◆ Records for this task ◆
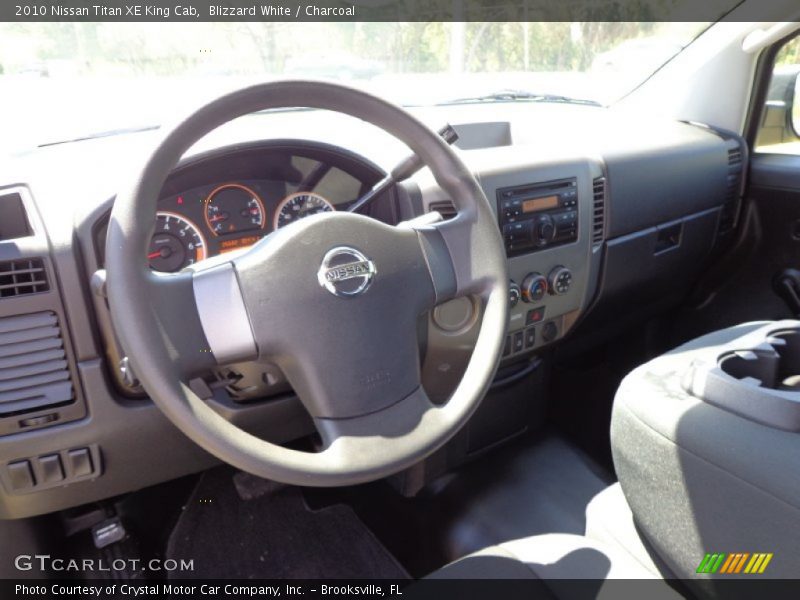 Blizzard White / Charcoal 2010 Nissan Titan XE King Cab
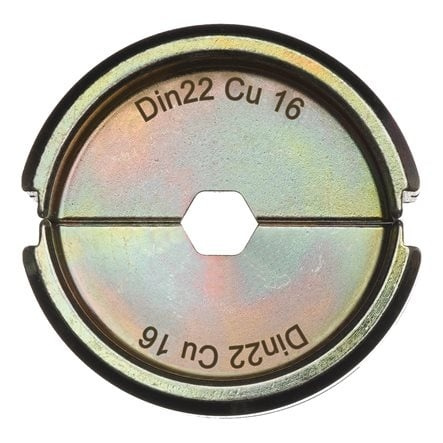 MILWAUKEE PURISTUSMUOTTI DIN22 CU 16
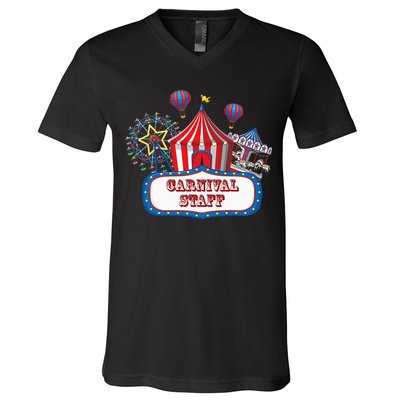 Carnival Staff For Circus Event Staff & Ringmaster Lover V-Neck T-Shirt
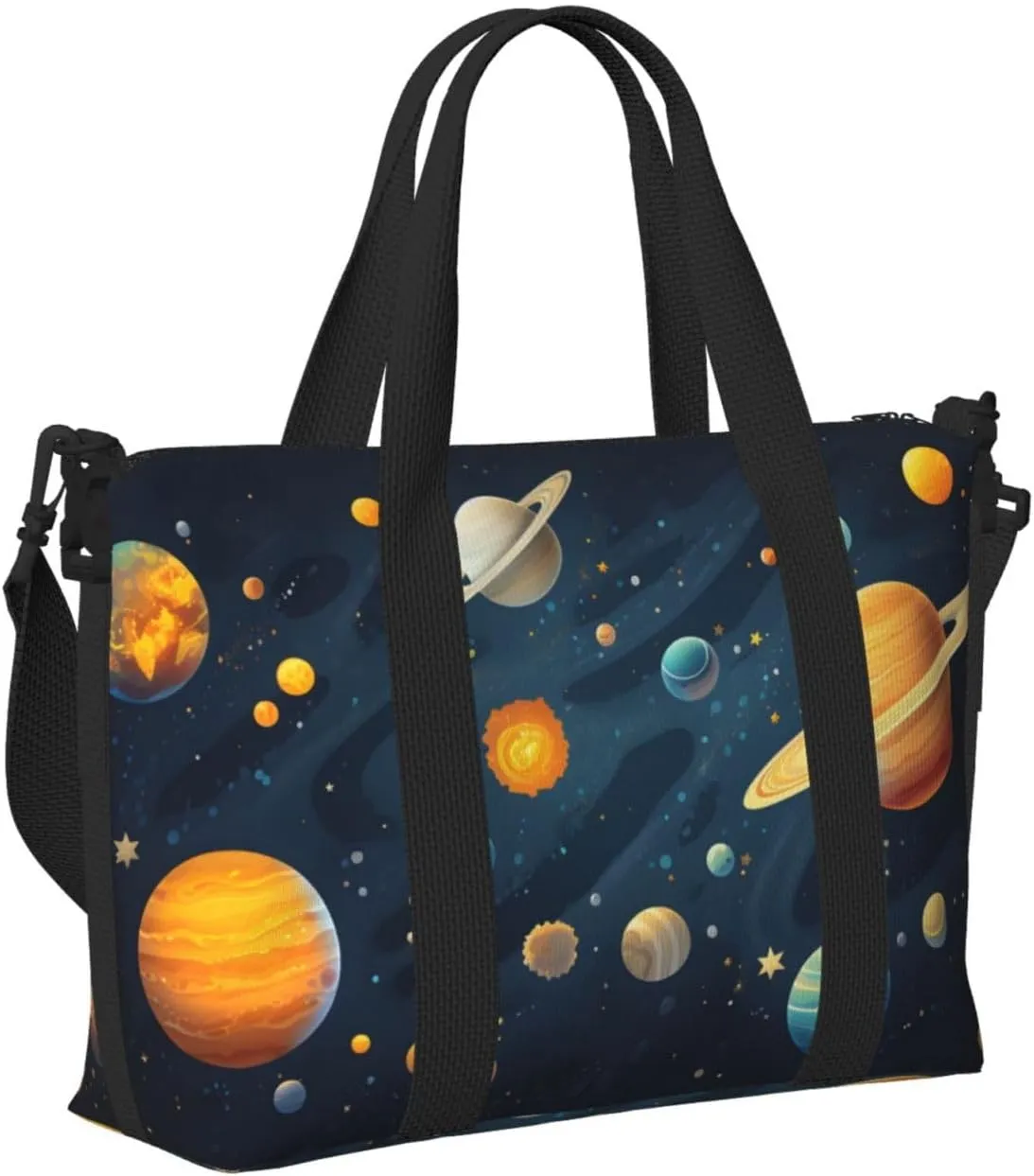 Travel Duffle Bag Solar Planet Universe Weekender Overnight Bags Luggage Bag for Women Men Waterproof Sports Gym Bag Hand Bag with Shoulder Strap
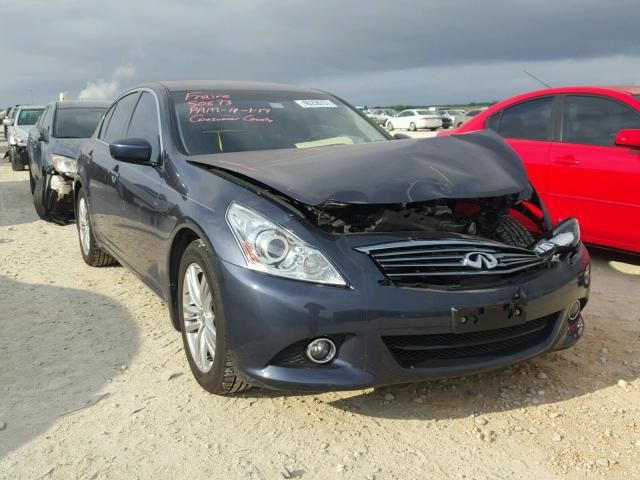 JN1CV6AP7DM716876 - 2013 INFINITI G37 BASE SILVER photo 1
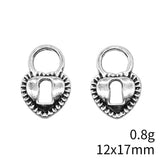 10pcs 12x17mm 2 Colors Antique Bronze Color Antique Silver Color Love Lock Charms For DIY Jewelry Making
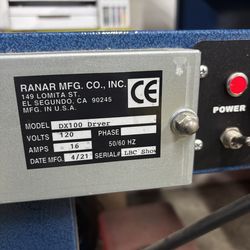 Ranar DX100 Conveyor Dryer
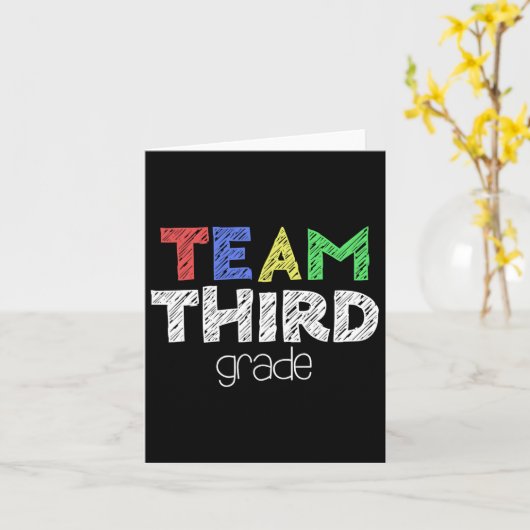 Third Grade Back To School Kaart (Gele Bloem)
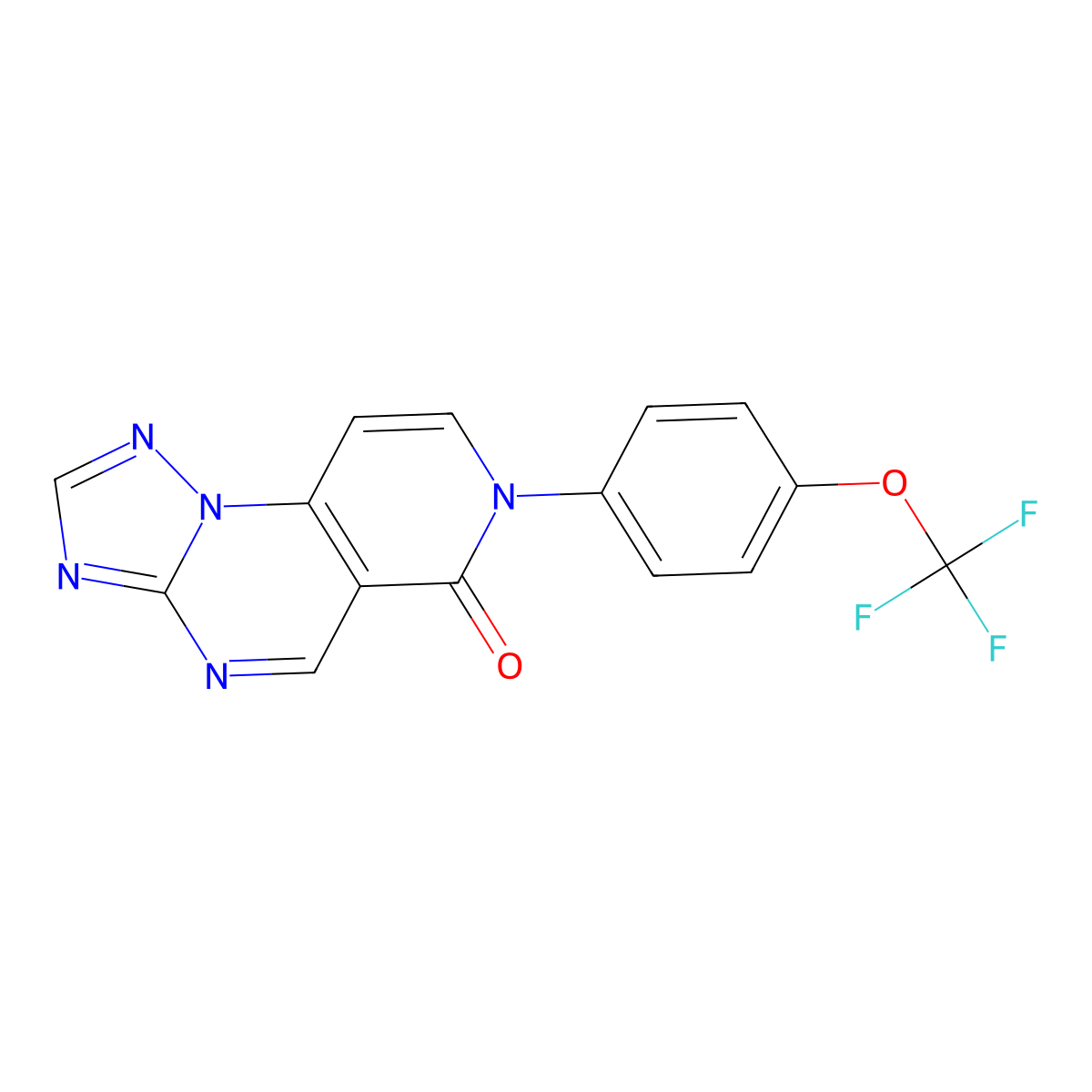 7-[4-(trifluoromethoxy)phenyl]pyrido[3,4-e][1,2,4]triazolo[1,5-a]pyrimidin-6(7H)-one molecular structure, CAS 1030463-59-2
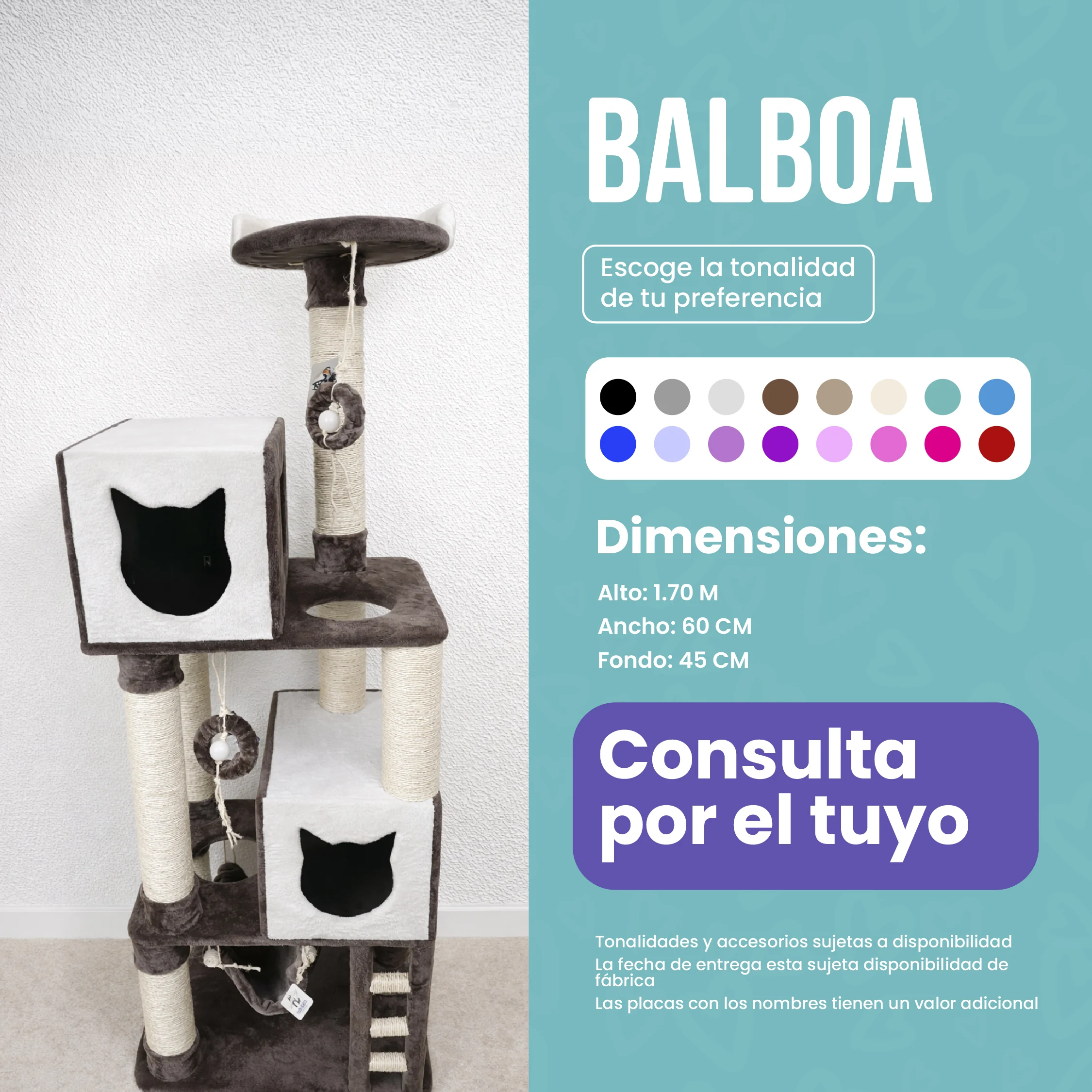 Rascador Balboa para Gatos  — Diversión, Descanso y Uñas Saludables en Casa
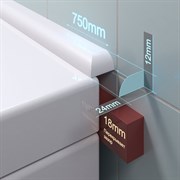 Акриловый плинтус-бордюр для ванной BNV ПШ24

◆ Problem statement ◆
A verbatim copy of the material is needed; pictures are not to appear in it.

◆ Task output ◆
 Blizzard White / Charcoal 2010 Nissan Titan XE King Cab
 MILWAUKEE PURISTUSMUOTTI DIN22 CU 16
 Carnival Staff For Circus Event Staff & Ringmaster Lover V-Neck T-Shirt
 Travel Duffle Bag Solar Planet Universe Weekender Overnight Bags Luggage Bag for Women Men Waterproof Sports Gym Bag Hand Bag with Shoulder Strap
 JN1CV6AP7DM716876 - 2013 INFINITI G37 BASE SILVER photo 1
 10pcs 12x17mm 2 Colors Antique Bronze Color Antique Silver Color Love Lock Charms For DIY Jewelry Making
 Ranar DX100 Conveyor Dryer
 Third Grade Back To School Kaart (Gele Bloem)
 7-[4-(trifluoromethoxy)phenyl]pyrido[3,4-e][1,2,4]triazolo[1,5-a]pyrimidin-6(7H)-one molecular structure, CAS 1030463-59-2
 Rascador Balboa para Gatos  — Diversión, Descanso y Uñas Saludables en Casa
 Акриловый плинтус-бордюр для ванной BNV ПШ24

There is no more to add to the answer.